Tarlochan Singh, the official spokesman of the Haryana Pradesh Congress Committee, told Hindustan Times on Tuesday that he apprised Gandhi and other top Congress leaders present at a meeting of select persons, that the inordinate delay in constituting a separate Sikh body had hurt the feelings of the community in Haryana.
On Monday, the Congress leadership held a meeting with 200-odd representatives of the minority groups from various states to seek the views and demands of minorities at the grassroots level for inclusion in the party's poll document for the Lok Sabha polls.
At a political rally at Hisar on December 1, the chief ministerial candidate of the Haryana Janhit Congress-Bharatiya Janata Party combine, Kuldeep Bishnoi had tried to woo Sikhs by assuring to form HSGPC, if he is voted to power in the 2014 assembly elections.
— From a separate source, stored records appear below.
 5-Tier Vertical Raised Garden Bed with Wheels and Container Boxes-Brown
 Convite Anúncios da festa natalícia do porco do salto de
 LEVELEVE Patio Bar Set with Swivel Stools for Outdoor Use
Agitated over the delay in announcing the Sikh panel, two ad-hoc factions of the HSGPC led by Didar Singh Nalwi and Jagdish Singh Jhinda have also announced to field their candidates in the next assembly elections.
Meanwhile, in his letter to Rahul Gandhi, the party spokesman said the Congress had put the formation of HSGPC in the official election manifesto in the 2005 assembly elections but the matter was still pending.
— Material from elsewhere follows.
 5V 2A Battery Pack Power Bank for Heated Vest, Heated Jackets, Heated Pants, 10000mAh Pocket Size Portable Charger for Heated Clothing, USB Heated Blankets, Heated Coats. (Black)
"I categorically told Gandhi that chief minister Bhupinder Singh Hooda is keen to the form a separate body but in the absence of a nod from the party's central leadership, the matter is held up. It is long time and the central leadership should look into the matter positively," said Singh.
He asked that states like Maharashtra, Delhi, Bihar, etc., had independent bodies to maintain the shrines then why only Haryana was deprived of it.
However, he defended before the party high command that Haryana had accorded the second official language status to Punjabi, announced a minority commission and saved several Sikh families from displacement in a land dispute in Kurukshetra district.
According to Section 72 of the Punjab Reorganisation Act, 1966, Haryana was entitled to get an independent body to manage Sikh shrines in the state, but it was never implemented.
Singh said the Amritsar-based Shiromani Gurdwara Parbandhak Committee (SGPC) had become a political organ of the Shiromani Akali Dal (SAD).
However, the Sikh leaders fighting for the HSGPC termed the meeting as eyewash. Terming it as a political stunt to woo the Sikh voters, Nalwi and Jhinda said the Congress would be defeated in the coming elections for not keeping its promises.
"Once again the Congress leadership wants to befool the Sikh community. But this time we will expose the Congress that it uses Sikhs only as vote-bank and does not protect their legitimate rights," said Nalwi, who had recently floated Haryana Jan Shakti Morcha, a political outfit.
Alleging that the Hooda government was anti-Sikh, Nalwi said museums at Badh Khalsa in Sonepat and another at Kapal Mochan, Yamunanagar, were associated with the ninth and tenth Sikh gurus, respectively, but the spots were subjected to gross neglect.
Jhinda said it was unfortunate that even after being in power for 10 years at the Centre and in Haryana, the Congress leadership was still busy deliberating on the issues pertaining to the minority communities.